What to work on >>
Please restate each entry that follows word for word.

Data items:
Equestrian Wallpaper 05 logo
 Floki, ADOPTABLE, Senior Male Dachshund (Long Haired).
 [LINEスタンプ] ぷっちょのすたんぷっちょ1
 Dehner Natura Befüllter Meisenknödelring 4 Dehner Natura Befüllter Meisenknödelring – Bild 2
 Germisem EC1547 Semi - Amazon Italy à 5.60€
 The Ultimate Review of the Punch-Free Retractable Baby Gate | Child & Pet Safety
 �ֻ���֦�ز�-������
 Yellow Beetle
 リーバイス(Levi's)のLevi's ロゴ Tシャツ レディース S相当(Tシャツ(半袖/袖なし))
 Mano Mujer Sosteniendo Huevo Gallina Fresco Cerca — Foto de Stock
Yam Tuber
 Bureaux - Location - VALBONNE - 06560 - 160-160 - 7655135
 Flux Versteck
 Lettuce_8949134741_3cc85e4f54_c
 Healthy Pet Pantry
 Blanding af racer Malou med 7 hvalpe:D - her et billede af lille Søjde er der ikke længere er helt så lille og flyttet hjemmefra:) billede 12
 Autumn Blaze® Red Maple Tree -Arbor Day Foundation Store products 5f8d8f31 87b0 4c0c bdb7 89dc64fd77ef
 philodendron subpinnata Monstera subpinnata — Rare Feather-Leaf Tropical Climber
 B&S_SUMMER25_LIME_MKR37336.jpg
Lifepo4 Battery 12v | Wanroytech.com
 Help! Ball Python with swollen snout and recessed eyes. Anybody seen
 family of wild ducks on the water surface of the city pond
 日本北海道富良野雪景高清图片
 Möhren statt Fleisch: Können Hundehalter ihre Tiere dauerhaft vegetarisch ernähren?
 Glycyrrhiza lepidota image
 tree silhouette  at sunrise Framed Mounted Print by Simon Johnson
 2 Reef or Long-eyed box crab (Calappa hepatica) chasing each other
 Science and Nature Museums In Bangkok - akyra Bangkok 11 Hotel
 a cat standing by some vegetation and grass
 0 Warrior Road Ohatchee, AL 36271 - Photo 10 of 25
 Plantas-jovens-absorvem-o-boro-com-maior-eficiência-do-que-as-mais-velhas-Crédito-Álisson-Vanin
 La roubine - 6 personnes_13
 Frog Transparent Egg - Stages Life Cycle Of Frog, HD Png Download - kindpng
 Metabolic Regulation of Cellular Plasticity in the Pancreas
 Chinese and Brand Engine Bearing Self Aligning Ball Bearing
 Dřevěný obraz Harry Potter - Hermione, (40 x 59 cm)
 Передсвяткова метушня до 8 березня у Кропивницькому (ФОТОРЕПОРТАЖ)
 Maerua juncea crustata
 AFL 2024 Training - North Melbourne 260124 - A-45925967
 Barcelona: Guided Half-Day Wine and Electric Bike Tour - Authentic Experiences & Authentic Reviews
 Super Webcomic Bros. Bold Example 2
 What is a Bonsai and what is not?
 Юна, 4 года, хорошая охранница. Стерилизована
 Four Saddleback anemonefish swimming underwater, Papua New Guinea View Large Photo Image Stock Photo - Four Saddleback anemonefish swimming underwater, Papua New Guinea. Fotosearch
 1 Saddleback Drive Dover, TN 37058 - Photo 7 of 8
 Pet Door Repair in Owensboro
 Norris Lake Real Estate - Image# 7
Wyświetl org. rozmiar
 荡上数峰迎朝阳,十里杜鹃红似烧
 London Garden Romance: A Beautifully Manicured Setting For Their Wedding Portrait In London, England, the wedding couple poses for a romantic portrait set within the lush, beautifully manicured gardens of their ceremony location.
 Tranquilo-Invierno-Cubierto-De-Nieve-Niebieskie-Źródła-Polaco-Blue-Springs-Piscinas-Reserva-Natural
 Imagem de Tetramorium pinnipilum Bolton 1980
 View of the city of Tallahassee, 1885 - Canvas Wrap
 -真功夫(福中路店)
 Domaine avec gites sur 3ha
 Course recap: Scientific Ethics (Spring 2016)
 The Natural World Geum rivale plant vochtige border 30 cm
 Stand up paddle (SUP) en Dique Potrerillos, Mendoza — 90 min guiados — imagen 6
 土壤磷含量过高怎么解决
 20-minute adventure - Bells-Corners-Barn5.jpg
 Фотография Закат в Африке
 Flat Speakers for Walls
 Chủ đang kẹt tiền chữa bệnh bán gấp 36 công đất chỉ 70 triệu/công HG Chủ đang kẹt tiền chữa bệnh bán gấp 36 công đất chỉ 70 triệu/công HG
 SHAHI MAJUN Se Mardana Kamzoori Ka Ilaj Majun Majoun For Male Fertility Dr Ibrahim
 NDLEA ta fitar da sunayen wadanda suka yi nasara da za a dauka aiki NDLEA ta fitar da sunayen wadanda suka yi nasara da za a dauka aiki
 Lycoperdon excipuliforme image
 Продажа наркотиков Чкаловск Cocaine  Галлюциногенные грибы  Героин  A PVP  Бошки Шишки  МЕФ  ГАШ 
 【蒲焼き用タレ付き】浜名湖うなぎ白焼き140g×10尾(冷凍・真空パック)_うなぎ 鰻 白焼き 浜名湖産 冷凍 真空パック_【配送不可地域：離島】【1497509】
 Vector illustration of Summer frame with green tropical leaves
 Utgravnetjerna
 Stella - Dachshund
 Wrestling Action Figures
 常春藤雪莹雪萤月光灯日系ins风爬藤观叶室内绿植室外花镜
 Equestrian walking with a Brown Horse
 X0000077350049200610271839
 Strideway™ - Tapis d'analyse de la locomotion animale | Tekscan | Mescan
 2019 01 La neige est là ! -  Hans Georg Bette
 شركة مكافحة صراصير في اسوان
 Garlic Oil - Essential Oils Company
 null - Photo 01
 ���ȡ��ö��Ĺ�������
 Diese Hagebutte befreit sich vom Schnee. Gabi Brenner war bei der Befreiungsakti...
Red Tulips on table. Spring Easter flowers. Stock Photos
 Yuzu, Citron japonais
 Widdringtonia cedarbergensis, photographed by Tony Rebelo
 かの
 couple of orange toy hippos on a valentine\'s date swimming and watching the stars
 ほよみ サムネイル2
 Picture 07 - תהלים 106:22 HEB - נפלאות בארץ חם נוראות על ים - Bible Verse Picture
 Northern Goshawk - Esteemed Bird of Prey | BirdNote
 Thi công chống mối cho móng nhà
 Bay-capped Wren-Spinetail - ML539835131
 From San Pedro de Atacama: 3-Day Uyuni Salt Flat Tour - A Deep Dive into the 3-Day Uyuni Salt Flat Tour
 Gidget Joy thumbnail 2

Problem solution >>
Equestrian Wallpaper 05 logo
 Floki, ADOPTABLE, Senior Male Dachshund (Long Haired).
 [LINEスタンプ] ぷっちょのすたんぷっちょ1
 Dehner Natura Befüllter Meisenknödelring 4 Dehner Natura Befüllter Meisenknödelring – Bild 2
 Germisem EC1547 Semi - Amazon Italy à 5.60€
 The Ultimate Review of the Punch-Free Retractable Baby Gate | Child & Pet Safety
 �ֻ���֦�ز�-������
 Yellow Beetle
 リーバイス(Levi's)のLevi's ロゴ Tシャツ レディース S相当(Tシャツ(半袖/袖なし))
 Mano Mujer Sosteniendo Huevo Gallina Fresco Cerca — Foto de Stock
Yam Tuber
 Bureaux - Location - VALBONNE - 06560 - 160-160 - 7655135
 Flux Versteck
 Lettuce_8949134741_3cc85e4f54_c
 Healthy Pet Pantry
 Blanding af racer Malou med 7 hvalpe:D - her et billede af lille Søjde er der ikke længere er helt så lille og flyttet hjemmefra:) billede 12
 Autumn Blaze® Red Maple Tree -Arbor Day Foundation Store products 5f8d8f31 87b0 4c0c bdb7 89dc64fd77ef
 philodendron subpinnata Monstera subpinnata — Rare Feather-Leaf Tropical Climber
 B&S_SUMMER25_LIME_MKR37336.jpg
Lifepo4 Battery 12v | Wanroytech.com
 Help! Ball Python with swollen snout and recessed eyes. Anybody seen
 family of wild ducks on the water surface of the city pond
 日本北海道富良野雪景高清图片
 Möhren statt Fleisch: Können Hundehalter ihre Tiere dauerhaft vegetarisch ernähren?
 Glycyrrhiza lepidota image
 tree silhouette  at sunrise Framed Mounted Print by Simon Johnson
 2 Reef or Long-eyed box crab (Calappa hepatica) chasing each other
 Science and Nature Museums In Bangkok - akyra Bangkok 11 Hotel
 a cat standing by some vegetation and grass
 0 Warrior Road Ohatchee, AL 36271 - Photo 10 of 25
 Plantas-jovens-absorvem-o-boro-com-maior-eficiência-do-que-as-mais-velhas-Crédito-Álisson-Vanin
 La roubine - 6 personnes_13
 Frog Transparent Egg - Stages Life Cycle Of Frog, HD Png Download - kindpng
 Metabolic Regulation of Cellular Plasticity in the Pancreas
 Chinese and Brand Engine Bearing Self Aligning Ball Bearing
 Dřevěný obraz Harry Potter - Hermione, (40 x 59 cm)
 Передсвяткова метушня до 8 березня у Кропивницькому (ФОТОРЕПОРТАЖ)
 Maerua juncea crustata
 AFL 2024 Training - North Melbourne 260124 - A-45925967
 Barcelona: Guided Half-Day Wine and Electric Bike Tour - Authentic Experiences & Authentic Reviews
 Super Webcomic Bros. Bold Example 2
 What is a Bonsai and what is not?
 Юна, 4 года, хорошая охранница. Стерилизована
 Four Saddleback anemonefish swimming underwater, Papua New Guinea View Large Photo Image Stock Photo - Four Saddleback anemonefish swimming underwater, Papua New Guinea. Fotosearch
 1 Saddleback Drive Dover, TN 37058 - Photo 7 of 8
 Pet Door Repair in Owensboro
 Norris Lake Real Estate - Image# 7
Wyświetl org. rozmiar
 荡上数峰迎朝阳,十里杜鹃红似烧
 London Garden Romance: A Beautifully Manicured Setting For Their Wedding Portrait In London, England, the wedding couple poses for a romantic portrait set within the lush, beautifully manicured gardens of their ceremony location.
 Tranquilo-Invierno-Cubierto-De-Nieve-Niebieskie-Źródła-Polaco-Blue-Springs-Piscinas-Reserva-Natural
 Imagem de Tetramorium pinnipilum Bolton 1980
 View of the city of Tallahassee, 1885 - Canvas Wrap
 -真功夫(福中路店)
 Domaine avec gites sur 3ha
 Course recap: Scientific Ethics (Spring 2016)
 The Natural World Geum rivale plant vochtige border 30 cm
 Stand up paddle (SUP) en Dique Potrerillos, Mendoza — 90 min guiados — imagen 6
 土壤磷含量过高怎么解决
 20-minute adventure - Bells-Corners-Barn5.jpg
 Фотография Закат в Африке
 Flat Speakers for Walls
 Chủ đang kẹt tiền chữa bệnh bán gấp 36 công đất chỉ 70 triệu/công HG Chủ đang kẹt tiền chữa bệnh bán gấp 36 công đất chỉ 70 triệu/công HG
 SHAHI MAJUN Se Mardana Kamzoori Ka Ilaj Majun Majoun For Male Fertility Dr Ibrahim
 NDLEA ta fitar da sunayen wadanda suka yi nasara da za a dauka aiki NDLEA ta fitar da sunayen wadanda suka yi nasara da za a dauka aiki
 Lycoperdon excipuliforme image
 Продажа наркотиков Чкаловск Cocaine  Галлюциногенные грибы  Героин  A PVP  Бошки Шишки  МЕФ  ГАШ 
 【蒲焼き用タレ付き】浜名湖うなぎ白焼き140g×10尾(冷凍・真空パック)_うなぎ 鰻 白焼き 浜名湖産 冷凍 真空パック_【配送不可地域：離島】【1497509】
 Vector illustration of Summer frame with green tropical leaves
 Utgravnetjerna
 Stella - Dachshund
 Wrestling Action Figures
 常春藤雪莹雪萤月光灯日系ins风爬藤观叶室内绿植室外花镜
 Equestrian walking with a Brown Horse
 X0000077350049200610271839
 Strideway™ - Tapis d'analyse de la locomotion animale | Tekscan | Mescan
 2019 01 La neige est là ! -  Hans Georg Bette
 شركة مكافحة صراصير في اسوان
 Garlic Oil - Essential Oils Company
 null - Photo 01
 ���ȡ��ö��Ĺ�������
 Diese Hagebutte befreit sich vom Schnee. Gabi Brenner war bei der Befreiungsakti...
Red Tulips on table. Spring Easter flowers. Stock Photos
 Yuzu, Citron japonais
 Widdringtonia cedarbergensis, photographed by Tony Rebelo
 かの
 couple of orange toy hippos on a valentine\'s date swimming and watching the stars
 ほよみ サムネイル2
 Picture 07 - תהלים 106:22 HEB - נפלאות בארץ חם נוראות על ים - Bible Verse Picture
 Northern Goshawk - Esteemed Bird of Prey | BirdNote
 Thi công chống mối cho móng nhà
 Bay-capped Wren-Spinetail - ML539835131
 From San Pedro de Atacama: 3-Day Uyuni Salt Flat Tour - A Deep Dive into the 3-Day Uyuni Salt Flat Tour
 Gidget Joy thumbnail 2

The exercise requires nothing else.